The announcement was made during a plenary session at the Colloquium in Keystone, Colorado, USA, which focused on using evidence to deal with emergent global issues. In this session I made reference to the Gettysburg address; but what does Abraham Lincoln’s short but influential and widely quoted speech (delivered a few months after the decisive battle of Gettysburg of 1863, during the American Civil War) have in common with The Cochrane Collaboration or The Cochrane Library? The iconic speech pronounced that the founding principle enshrined in the Declaration of Independence – that "all men are created equal" – was worth fighting for, and that "government of the people, by the people, for the people, shall not perish from the earth" [2]. Just as participatory democracy faces the challenge of ensuring inclusiveness, The Cochrane Collaboration faces the challenge of ensuring that this evidence is accessible to all people, particularly those living in low-income countries with a disproportionate burden of disease and who are most in need of this evidence, yet who have competing priorities for their limited resources.

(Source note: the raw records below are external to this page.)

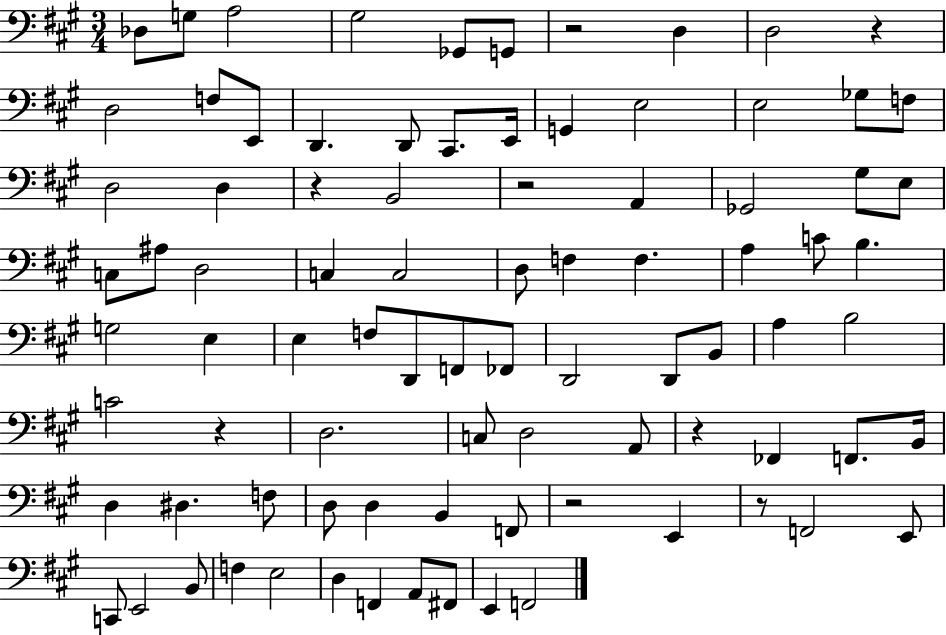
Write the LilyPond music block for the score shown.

{
  \clef bass
  \numericTimeSignature
  \time 3/4
  \key a \major
  des8 g8 a2 | gis2 ges,8 g,8 | r2 d4 | d2 r4 | \break d2 f8 e,8 | d,4. d,8 cis,8. e,16 | g,4 e2 | e2 ges8 f8 | \break d2 d4 | r4 b,2 | r2 a,4 | ges,2 gis8 e8 | \break c8 ais8 d2 | c4 c2 | d8 f4 f4. | a4 c'8 b4. | \break g2 e4 | e4 f8 d,8 f,8 fes,8 | d,2 d,8 b,8 | a4 b2 | \break c'2 r4 | d2. | c8 d2 a,8 | r4 fes,4 f,8. b,16 | \break d4 dis4. f8 | d8 d4 b,4 f,8 | r2 e,4 | r8 f,2 e,8 | \break c,8 e,2 b,8 | f4 e2 | d4 f,4 a,8 fis,8 | e,4 f,2 | \break \bar "|."
}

In addition to low-income countries granted free access to The Cochrane Library (including free access for a limited period in Pakistan, following the recent floods, and in countries affected by recent earthquakes and the 2004 Asian tsunami), a number of middle- and high-income countries have provisions funded by governments or other agencies that ensure that all their residents have free access to reliable evidence. These investments are examples of responsible leadership in health care. However, there are many other regions of the world that are not covered by any of these initiatives, where barriers to access include the absence of local-language translations of relevant portions of Cochrane Reviews and other resources.

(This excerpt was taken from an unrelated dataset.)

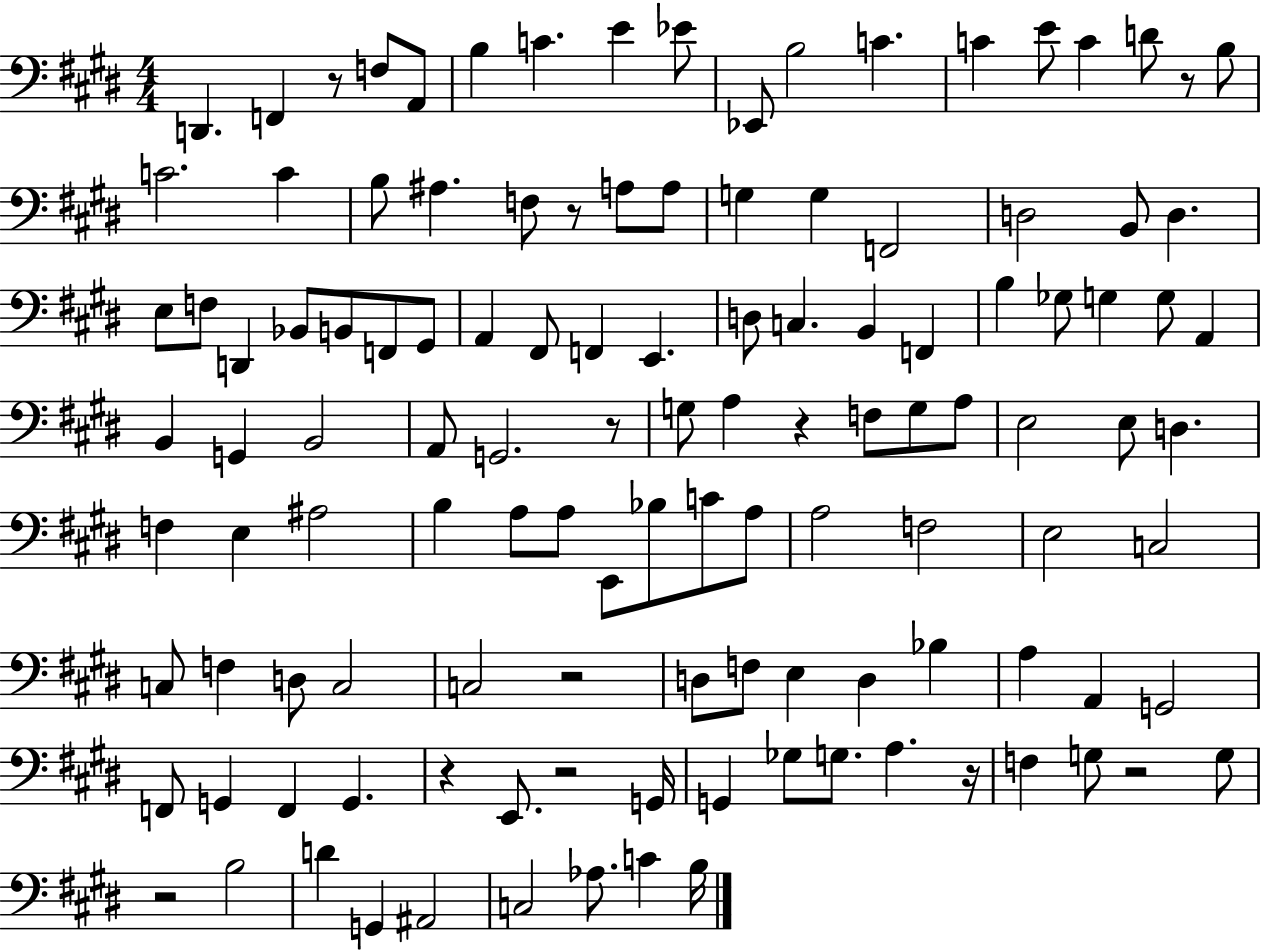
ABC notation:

The reference to Lincoln's speech in the plenary session also attempted to demonstrate that the principles underpinning the efforts of The Cochrane Collaboration in preparing, maintaining and disseminating reliable, independent, and up-to-date evidence on the effects of interventions in health care follow the same lofty goals enumerated by Abraham Lincoln for participatory governance. The Cochrane Collaboration’s founding principles include collaboration and teamwork; building on the enthusiasm of others by involving and supporting people of different skills and backgrounds; striving for relevance by encouraging the evaluation of the efficacy and safety of interventions; using outcomes deemed important by people making choices about their health care; encouraging diversity; and reducing barriers to wide participation. The 4000+ systematic reviews in The Cochrane Library are prepared by more than 28,000 volunteers, who increasingly come from low- and middle-income countries. The entities in The Cochrane Collaboration include a growing number of healthcare consumers who provide training to other consumers in framing questions that research can answer, and who offer a consumer perspective on the relevance of review questions, choice of outcomes, balance of benefits and harms, and who help prepare simple summaries of the key messages in the reviews. The Cochrane Library now also includes special collections of systematic reviews on the effectiveness of interventions following major disasters, to guide effective planning and delivery of health care through the recent Evidence Aid initiative (Tharyan 2005). Evidence in The Cochrane Library can be thus considered to be of the people, by the people, and for the people.

Martin Luther King, Jr also referenced the Gettysburg address in his "I have a dream" speech at the Washington DC Civil Rights March [3]. The Cochrane Collaboration started as a dream and is now a vibrant testament that with collaborative partnerships, rigorous scientific methods and a principled approach, evidence of, for, and by the people can indeed be a reality.